Loro -i Grilloni, i Capi- a me sembrano parecchio più smaliziati, più interessati e più affamati della 'grande torta' di quanto ritieni tu. Hanno appetiti che non riesco collocare fino in fondo nel 'bene collettivo'. E poi i modi, QUEI modi: esarcebati fin'oltre il legittimo giramento di palle per un Paese che va a rotoli, che daranno certo più frutti di quanto molti credono sul breve periodo (le urne) ma, alla lunga, potrebbero pericolosamente rivelarsi un boomerang. Il momento richiede più che mai sangue freddo, pacatezza... cose che Grillo&co. EVIDENTEMENTE non hanno. Si può dire molto, si può e si deve fare moltissimo. Ma non si può dire troppo, non ad ogni costo.

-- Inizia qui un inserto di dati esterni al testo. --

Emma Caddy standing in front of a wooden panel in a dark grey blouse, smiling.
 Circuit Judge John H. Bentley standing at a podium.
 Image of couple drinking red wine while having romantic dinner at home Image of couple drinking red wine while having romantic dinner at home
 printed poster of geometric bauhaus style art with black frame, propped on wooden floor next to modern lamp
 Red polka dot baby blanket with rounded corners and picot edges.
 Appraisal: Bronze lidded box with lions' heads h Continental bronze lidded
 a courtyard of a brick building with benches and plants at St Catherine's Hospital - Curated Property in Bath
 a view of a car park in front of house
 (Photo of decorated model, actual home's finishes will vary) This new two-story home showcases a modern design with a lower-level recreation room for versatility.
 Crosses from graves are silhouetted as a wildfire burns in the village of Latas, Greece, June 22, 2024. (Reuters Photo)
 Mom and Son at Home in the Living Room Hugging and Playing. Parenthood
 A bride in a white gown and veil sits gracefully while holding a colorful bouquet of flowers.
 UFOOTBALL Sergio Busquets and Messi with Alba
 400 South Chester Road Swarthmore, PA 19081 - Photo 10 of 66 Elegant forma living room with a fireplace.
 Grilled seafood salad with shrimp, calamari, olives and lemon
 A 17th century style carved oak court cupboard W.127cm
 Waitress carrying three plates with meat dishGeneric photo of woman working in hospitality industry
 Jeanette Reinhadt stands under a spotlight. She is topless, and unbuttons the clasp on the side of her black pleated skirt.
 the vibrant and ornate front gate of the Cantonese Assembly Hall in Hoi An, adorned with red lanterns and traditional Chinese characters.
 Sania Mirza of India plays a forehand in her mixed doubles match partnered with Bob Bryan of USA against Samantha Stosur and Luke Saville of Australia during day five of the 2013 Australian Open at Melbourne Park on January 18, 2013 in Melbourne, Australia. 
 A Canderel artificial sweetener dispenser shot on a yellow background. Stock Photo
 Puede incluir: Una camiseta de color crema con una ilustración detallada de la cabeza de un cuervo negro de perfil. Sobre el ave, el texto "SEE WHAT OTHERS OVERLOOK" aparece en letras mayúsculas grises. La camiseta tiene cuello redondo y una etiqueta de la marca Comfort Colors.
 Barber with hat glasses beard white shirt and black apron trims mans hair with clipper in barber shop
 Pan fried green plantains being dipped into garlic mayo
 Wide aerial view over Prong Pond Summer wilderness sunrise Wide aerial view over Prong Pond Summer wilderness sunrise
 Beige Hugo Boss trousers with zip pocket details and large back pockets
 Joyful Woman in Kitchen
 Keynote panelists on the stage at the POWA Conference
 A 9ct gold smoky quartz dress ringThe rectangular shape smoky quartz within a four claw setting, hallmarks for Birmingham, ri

Quanto a Babbo PD...sono uno dei figli delusi e arrabbiati, sicuro. Ma trovo che dopo una litigata in famiglia il riavvicinamento sia d'obbligo, e che a fare i passi necessari si debba essere sempre in due, genitore e figlio. Lui qualche segnale me lo sta lanciando, io non posso ignorarlo.

Quindi! Per non farla troppo lunga, a due giorni dalla chiamata io credo proprio che risponderò con una bella X sul PD e una su SEL. Per affermare che desidero il centro-sinistra al Governo...e che, fino a quando è aritmeticamente evitabile, la strada verso il Centro non sia quella da percorrere.

Tico Palabra ha detto...

Quanto mi piacciono questi scambi, confronti... Grazie Pier!
:-)

Ale ha detto...

Bella dissertazione. Ho fatto i tuoi stessi ragionamenti e son arrivato alle tue stesse conclusioni.
Ci vediamo.

Tico Palabra ha detto...

Grazie Ale, piacere! :)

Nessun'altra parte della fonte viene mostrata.